== EXERCISE INSTRUCTIONS ==
Look in the data below for the line that has "Lot 29 étiquettes", then print exactly every line from there through the line that has "Pantofole calde con", leaving pictures out.

== PROVIDED DATA ==
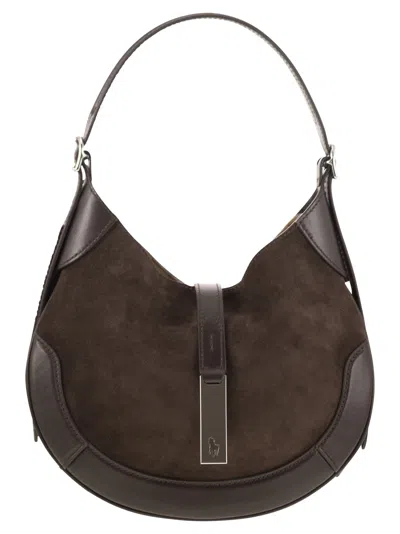 Polo Ralph Lauren Shoulder Polo Id Small Leather Bag In Brown
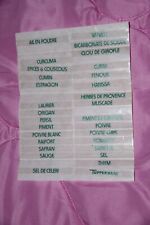 Lot 29 étiquettes épices TUPPERWARE autocollantes vintage années 70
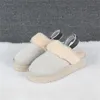 Pantofole calde con tacco piatto, scarpe da usura esterna da donna in peluche, stivali di cotone da neve con fondo spesso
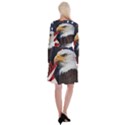 Fourth Of July Independence Day Usa American Pride Long Sleeve Velvet Front Wrap Dress View2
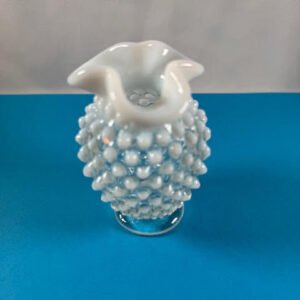 Vintage Fenton moonstone opalescent hobnail vase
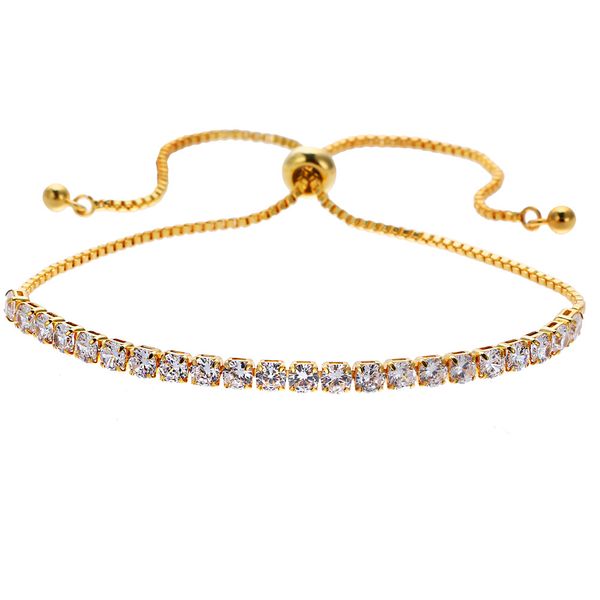 

cubic zirconia tennis chain adjustable bracelet bangle 18k gold crystal women wedding jewelry for gift, Black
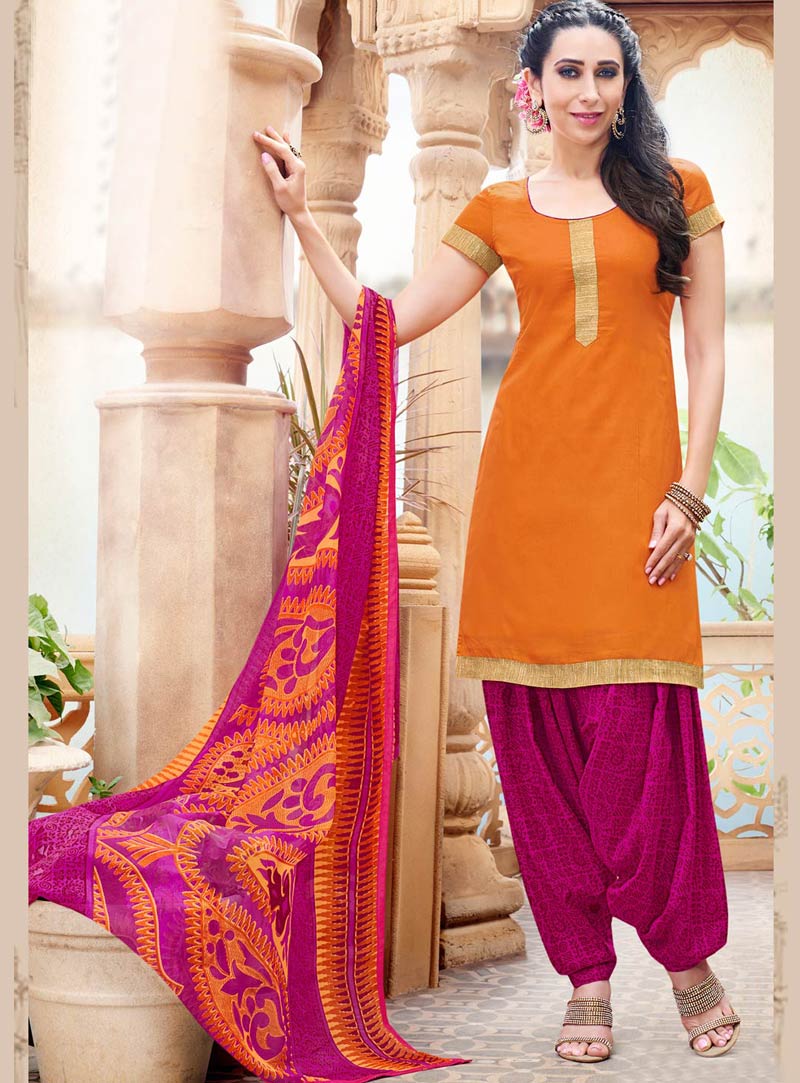 Karisma Kapoor Orange Cotton Punjabi Suit 59882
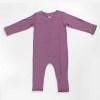Purple long-sleeve baby onesie on white background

== RESPONSE TO THE EXERCISE ==
 Lot 29 étiquettes épices TUPPERWARE autocollantes vintage années 70
 Pantofole calde con tacco piatto, scarpe da usura esterna da donna in peluche, stivali di cotone da neve con fondo spesso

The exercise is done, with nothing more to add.